Hospital pharmacists were among those balloted
NHS workers in the Unite union have become the latest to reject the government's three-year pay deal - and have voted to ballot for strike action.
That ballot would offer the options of both a complete strike, or lesser action such as an overtime ban.
The GMB and Royal College of Midwives have already rejected the deal, while Unison and the Royal College of Nursing backed the offer for English NHS staff.
Ministers said the 8% deal is fair, and they were not willing to renegotiate.
In the Unite ballot of 75,000 people, 94.8% of health sector workers, such as health visitors, hospital pharmacists and hospital chaplains, voted against the pay deal.
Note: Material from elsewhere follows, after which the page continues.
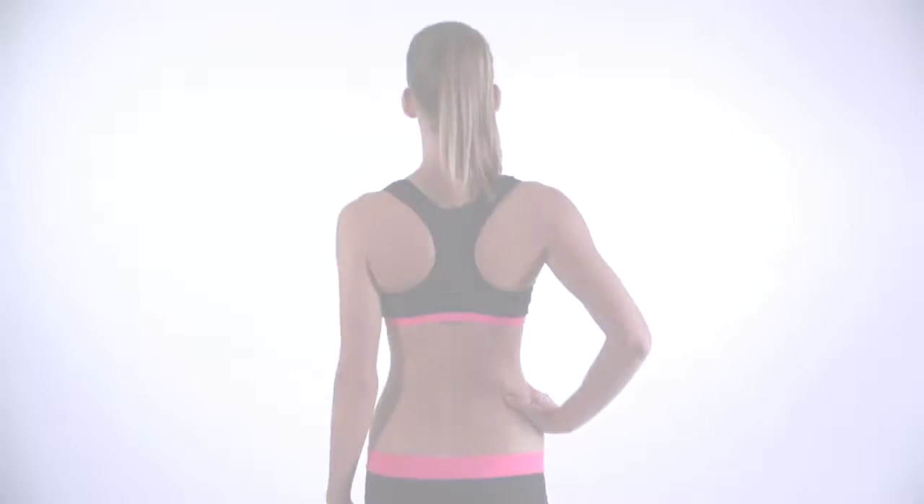Hi, this is the Dragonfly Sporty Top Review. The Dragonfly Sporty Top is a simple, classic razorback bra offering maximum support even during the most intensive workout.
It follows a separate ballot last month in which 12,000 ambulance workers and ancillary staff belonging to Unite also rejected the pay deal.
A date for the ballot on strike action has not yet been set.
The union's assistant general secretary Gail Cartmail, said: "This overwhelming vote sends a clear message.
"Our members are angry and frustrated that they are being asked by the government to accept this woefully inadequate three-year pay deal."
She added the deal amounted to a "substantial pay cut", when rising petrol, utility bill and mortgage costs were taken into account.
The government's pay offer would give more than one million staff a pay increase of 2.75% from April, followed by further increases of 2.4% in 2009/10 and 2.25% in 2010/11.
That would take a nurse's starting salary to just over £20,000 this year.
The offer is the highest in the public sector and is aimed at heading off the threat of NHS industrial action.
Health secretary Alan Johnson has said the NHS and patients "would benefit from pay stability" over the next three years.